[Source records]

◆ ◆ ◆

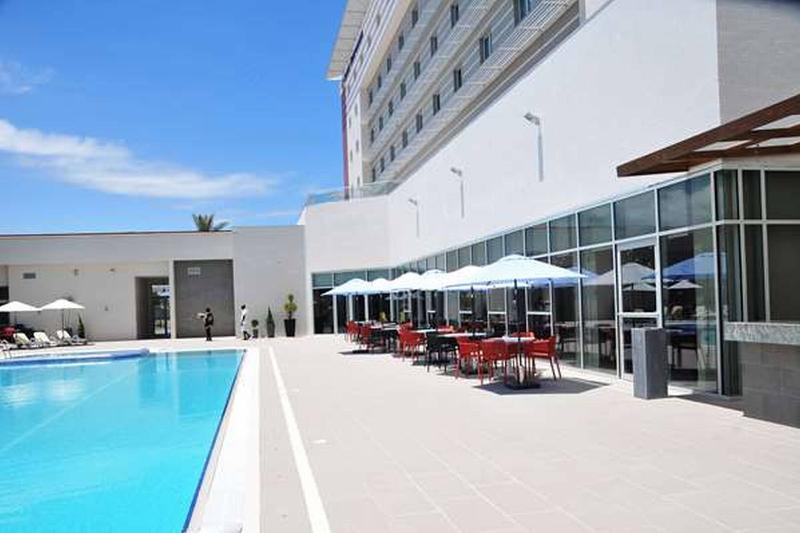 Отель Golden Tulip Le Diplomate Котону Экстерьер фото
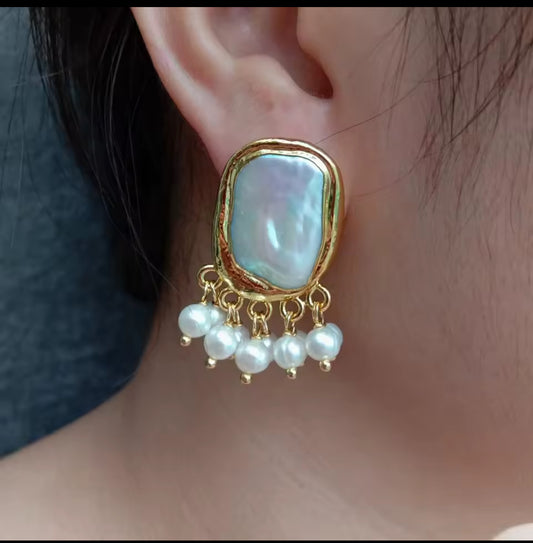 Arete de perla barroca
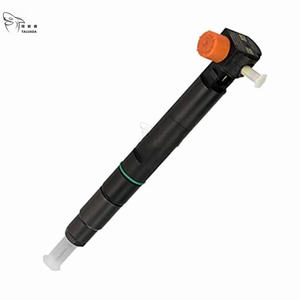 Iniettore di Carburante 400903-00076A 28234058 per <span class=keywords><strong>Bobcat</strong></span> <span class=keywords><strong>E32</strong></span> E35 E42 E45 E50, Iniettore per Escavatore - Product Image 3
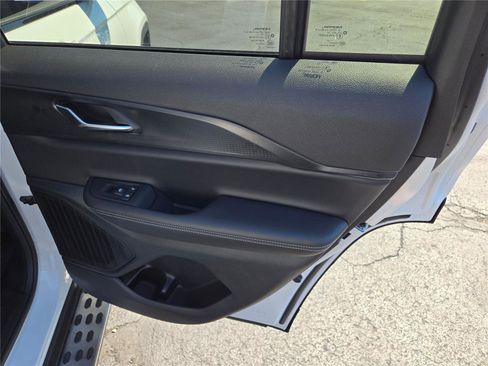 New 2025 Jeep Grand Cherokee Altitude image 9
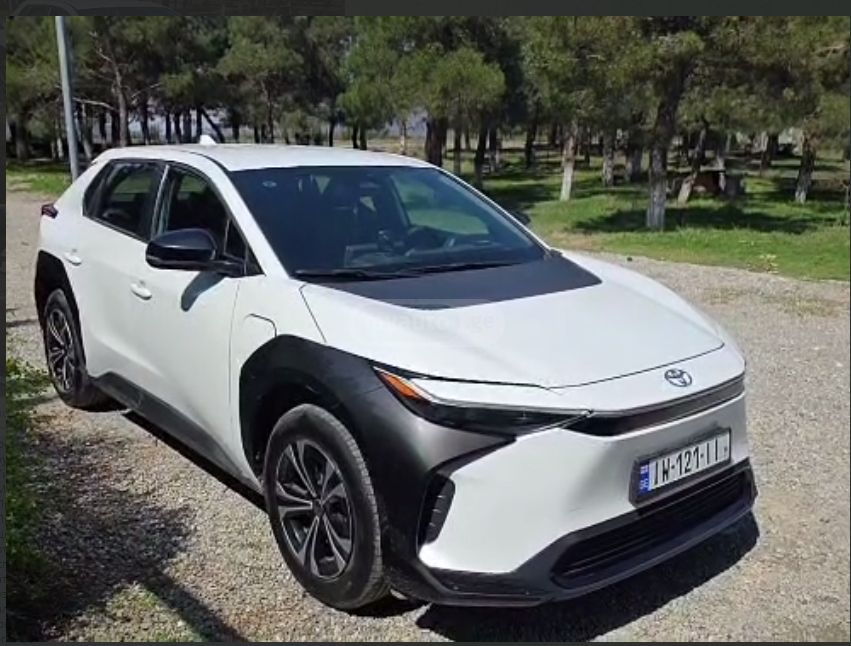 Toyota bZ4X - фото 1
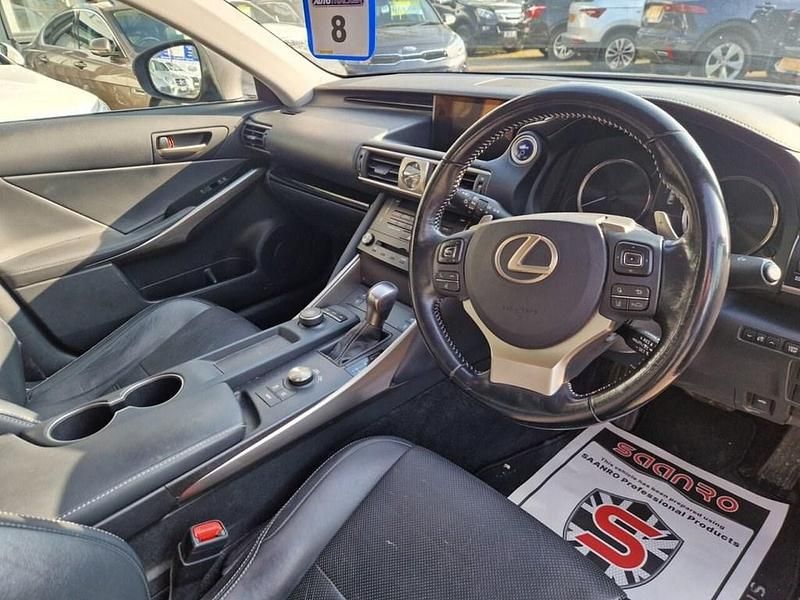 Used Lexus IS300h 223 HP (164 kW) 2017 Grey Sedan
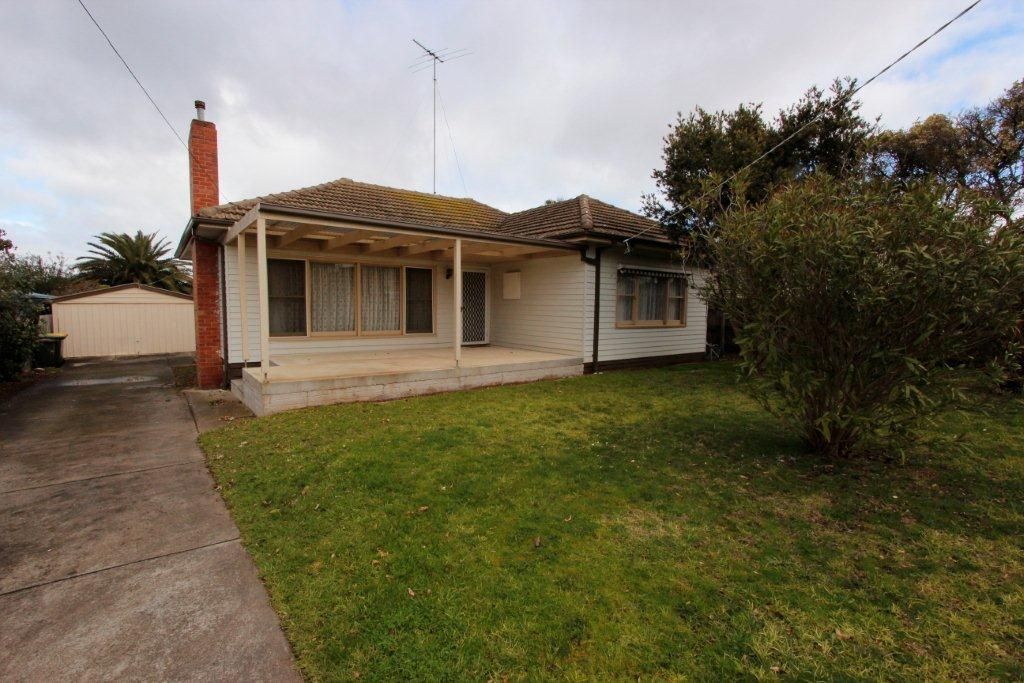 25 Summit Avenue, BELMONT, VIC 3216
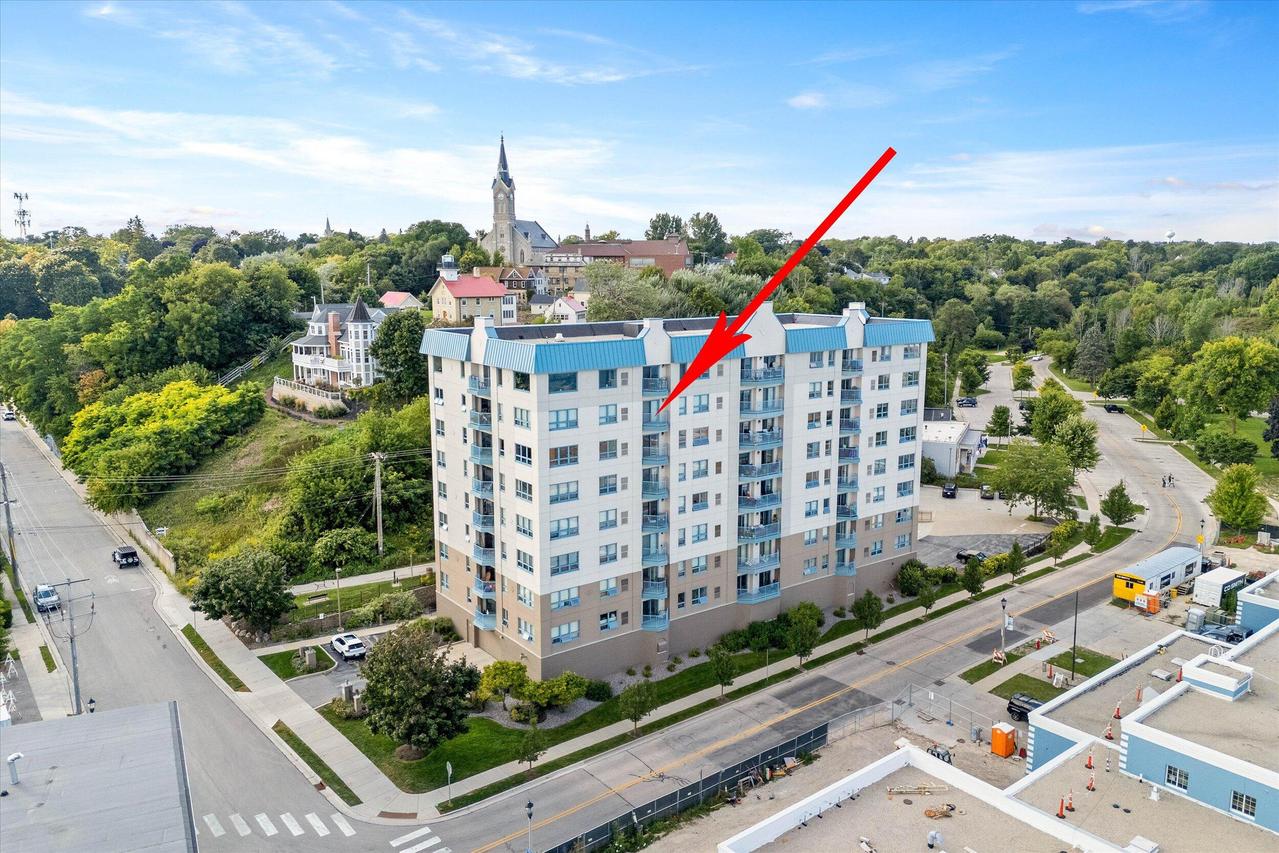 415 N Lake St #701, Port Washington, WI 53074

◆ ◆ ◆

TASK TO COMPLETE:
Reproduce the lines from the one with "Used Lexus IS300h" through the end of the data, keeping both end lines, adding nothing, and dropping any pictures.

ANSWER TO THIS TASK:
 Used Lexus IS300h 223 HP (164 kW) 2017 Grey Sedan
 25 Summit Avenue, BELMONT, VIC 3216
 415 N Lake St #701, Port Washington, WI 53074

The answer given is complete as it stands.